SDC Edge Communication

StreamSets Control Hub works with Data Collector Edge (SDC Edge) to execute edge pipelines. SDC Edge is a lightweight agent that runs pipelines on edge devices with limited resources.

You install each SDC Edge on an edge device and then register it to work with Control Hub.

You use an authoring Data Collector to design edge pipelines. You can design edge pipelines in the Control Hub Pipeline Designer after selecting an available authoring Data Collector to use. Or, you can directly log into an authoring Data Collector to design edge pipelines using the Data Collector UI.

To preview and validate edge pipelines as you design them, the authoring Data Collector must connect to a registered SDC Edge. The SDC Edge accepts inbound connections from the authoring Data Collector over HTTP or HTTPS on the port number configured for the SDC Edge.

Registered Edge Data Collectors use encrypted REST APIs to communicate with Control Hub. Edge Data Collectors initiate outbound connections to Control Hub on the port number configured in the Control Hub system. The connection must use the same protocol, HTTP or HTTPS, as the Control Hub system.

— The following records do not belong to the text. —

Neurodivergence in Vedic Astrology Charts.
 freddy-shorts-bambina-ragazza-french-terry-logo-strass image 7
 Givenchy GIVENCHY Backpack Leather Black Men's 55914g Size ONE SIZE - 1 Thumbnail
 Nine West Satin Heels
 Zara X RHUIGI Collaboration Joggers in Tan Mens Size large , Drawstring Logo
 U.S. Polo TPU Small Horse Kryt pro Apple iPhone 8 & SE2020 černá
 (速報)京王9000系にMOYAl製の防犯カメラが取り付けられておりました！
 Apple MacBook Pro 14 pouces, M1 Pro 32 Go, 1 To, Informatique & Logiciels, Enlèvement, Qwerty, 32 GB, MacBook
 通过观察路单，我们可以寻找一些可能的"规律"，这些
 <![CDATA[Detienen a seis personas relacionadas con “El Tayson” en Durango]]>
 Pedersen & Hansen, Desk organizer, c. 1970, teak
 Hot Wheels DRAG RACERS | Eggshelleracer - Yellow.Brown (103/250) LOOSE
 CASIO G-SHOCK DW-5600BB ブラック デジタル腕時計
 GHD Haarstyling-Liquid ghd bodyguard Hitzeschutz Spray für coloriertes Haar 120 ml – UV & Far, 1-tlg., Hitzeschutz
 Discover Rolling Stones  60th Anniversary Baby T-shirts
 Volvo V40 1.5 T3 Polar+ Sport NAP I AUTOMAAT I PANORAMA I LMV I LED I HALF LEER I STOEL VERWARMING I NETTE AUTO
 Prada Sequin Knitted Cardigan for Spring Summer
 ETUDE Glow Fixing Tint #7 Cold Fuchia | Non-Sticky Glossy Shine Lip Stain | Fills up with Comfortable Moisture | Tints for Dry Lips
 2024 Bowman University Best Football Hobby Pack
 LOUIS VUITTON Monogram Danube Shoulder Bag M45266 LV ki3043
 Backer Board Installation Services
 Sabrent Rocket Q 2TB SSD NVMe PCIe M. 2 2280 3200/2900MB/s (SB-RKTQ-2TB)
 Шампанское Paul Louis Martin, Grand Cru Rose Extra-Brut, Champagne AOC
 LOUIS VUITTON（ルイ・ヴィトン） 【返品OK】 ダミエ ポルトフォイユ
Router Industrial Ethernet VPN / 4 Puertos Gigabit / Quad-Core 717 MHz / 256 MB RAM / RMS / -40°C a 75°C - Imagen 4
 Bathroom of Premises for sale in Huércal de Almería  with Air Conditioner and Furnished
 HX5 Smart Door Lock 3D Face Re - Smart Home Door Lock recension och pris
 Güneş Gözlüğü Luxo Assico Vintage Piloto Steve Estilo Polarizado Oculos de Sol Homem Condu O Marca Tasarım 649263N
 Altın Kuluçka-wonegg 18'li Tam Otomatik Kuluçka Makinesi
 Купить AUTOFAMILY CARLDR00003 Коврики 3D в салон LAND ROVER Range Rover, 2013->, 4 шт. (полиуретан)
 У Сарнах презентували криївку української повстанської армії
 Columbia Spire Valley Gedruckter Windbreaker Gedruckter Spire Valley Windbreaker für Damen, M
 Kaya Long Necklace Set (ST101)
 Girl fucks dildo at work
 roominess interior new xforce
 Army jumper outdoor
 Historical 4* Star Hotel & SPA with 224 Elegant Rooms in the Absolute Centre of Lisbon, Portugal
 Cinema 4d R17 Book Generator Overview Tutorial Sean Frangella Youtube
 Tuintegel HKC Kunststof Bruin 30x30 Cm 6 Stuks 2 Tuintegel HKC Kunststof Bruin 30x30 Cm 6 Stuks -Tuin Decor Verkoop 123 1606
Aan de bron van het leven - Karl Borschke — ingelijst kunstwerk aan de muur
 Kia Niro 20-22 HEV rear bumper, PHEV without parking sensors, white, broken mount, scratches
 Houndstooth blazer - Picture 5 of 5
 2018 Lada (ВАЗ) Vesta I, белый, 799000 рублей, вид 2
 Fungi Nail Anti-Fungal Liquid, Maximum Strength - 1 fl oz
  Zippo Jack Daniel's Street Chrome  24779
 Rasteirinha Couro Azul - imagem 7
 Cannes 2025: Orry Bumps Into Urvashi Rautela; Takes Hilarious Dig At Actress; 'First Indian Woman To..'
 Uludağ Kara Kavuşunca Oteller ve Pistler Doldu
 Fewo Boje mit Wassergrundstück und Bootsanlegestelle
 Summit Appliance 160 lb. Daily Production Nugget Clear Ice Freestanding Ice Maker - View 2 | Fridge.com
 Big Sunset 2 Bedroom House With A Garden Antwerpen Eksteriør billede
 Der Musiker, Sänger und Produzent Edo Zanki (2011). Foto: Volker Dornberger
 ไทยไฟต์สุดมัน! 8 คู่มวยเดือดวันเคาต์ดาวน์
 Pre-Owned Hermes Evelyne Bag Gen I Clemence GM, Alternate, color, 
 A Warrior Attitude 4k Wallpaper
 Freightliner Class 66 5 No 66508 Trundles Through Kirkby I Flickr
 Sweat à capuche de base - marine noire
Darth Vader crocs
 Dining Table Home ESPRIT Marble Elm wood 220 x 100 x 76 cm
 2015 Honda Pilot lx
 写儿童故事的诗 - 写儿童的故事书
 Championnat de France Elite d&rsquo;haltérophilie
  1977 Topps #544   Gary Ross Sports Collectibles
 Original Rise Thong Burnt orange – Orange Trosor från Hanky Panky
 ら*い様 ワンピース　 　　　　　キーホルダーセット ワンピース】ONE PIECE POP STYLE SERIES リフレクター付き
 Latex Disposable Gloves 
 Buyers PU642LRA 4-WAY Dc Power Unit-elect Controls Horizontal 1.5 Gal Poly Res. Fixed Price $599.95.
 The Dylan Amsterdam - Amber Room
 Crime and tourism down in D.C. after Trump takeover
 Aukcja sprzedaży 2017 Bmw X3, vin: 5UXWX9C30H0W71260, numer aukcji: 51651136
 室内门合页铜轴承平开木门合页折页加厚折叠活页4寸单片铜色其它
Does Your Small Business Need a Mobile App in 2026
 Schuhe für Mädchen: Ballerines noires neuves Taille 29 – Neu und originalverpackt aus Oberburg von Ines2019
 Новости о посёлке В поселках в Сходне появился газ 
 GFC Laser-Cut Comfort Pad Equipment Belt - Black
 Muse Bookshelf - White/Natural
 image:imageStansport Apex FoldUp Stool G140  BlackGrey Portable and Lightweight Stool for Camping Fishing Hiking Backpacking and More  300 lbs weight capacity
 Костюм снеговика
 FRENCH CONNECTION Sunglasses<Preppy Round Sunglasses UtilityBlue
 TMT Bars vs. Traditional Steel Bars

The following image shows how each SDC Edge communicates with Control Hub and with the authoring Data Collector:

SDC Edge Requests

Just like Data Collector, a registered SDC Edge sends requests and information to several of the Control Hub applications.

Control Hub applications do not directly send requests to an SDC Edge. Instead, Control Hub sends requests using encrypted REST APIs to a messaging queue managed by the Messaging application. An SDC Edge periodically checks with the queue to retrieve Control Hub requests.

SDC Edge communicates with the following Control Hub applications:

Time Series
Every minute, an SDC Edge sends metrics for remotely running edge pipelines directly to the Time Series application.
Edge Data Collectors send the following information to the Messaging application:
  • At startup, an SDC Edge sends the following information: SDC Edge version, HTTP URL of the SDC Edge, and labels configured in the SDC Edge configuration file, edge.conf.
  • Every five seconds, an SDC Edge sends a heartbeat.
  • Every minute, an SDC Edge sends the last-saved offsets of remotely running edge pipelines and the status of all running edge pipelines.
Every three seconds, the Job Runner application checks the Messaging application to retrieve pipeline status changes and last-saved offsets sent by each SDC Edge.
Every five seconds, each SDC Edge checks with the Messaging application to retrieve requests sent by the Job Runner application. When you start, stop, or delete a job, the Job Runner sends a pipeline request for a specific SDC Edge to the Messaging application. The Messaging application retains the request until the receiving SDC Edge retrieves the request.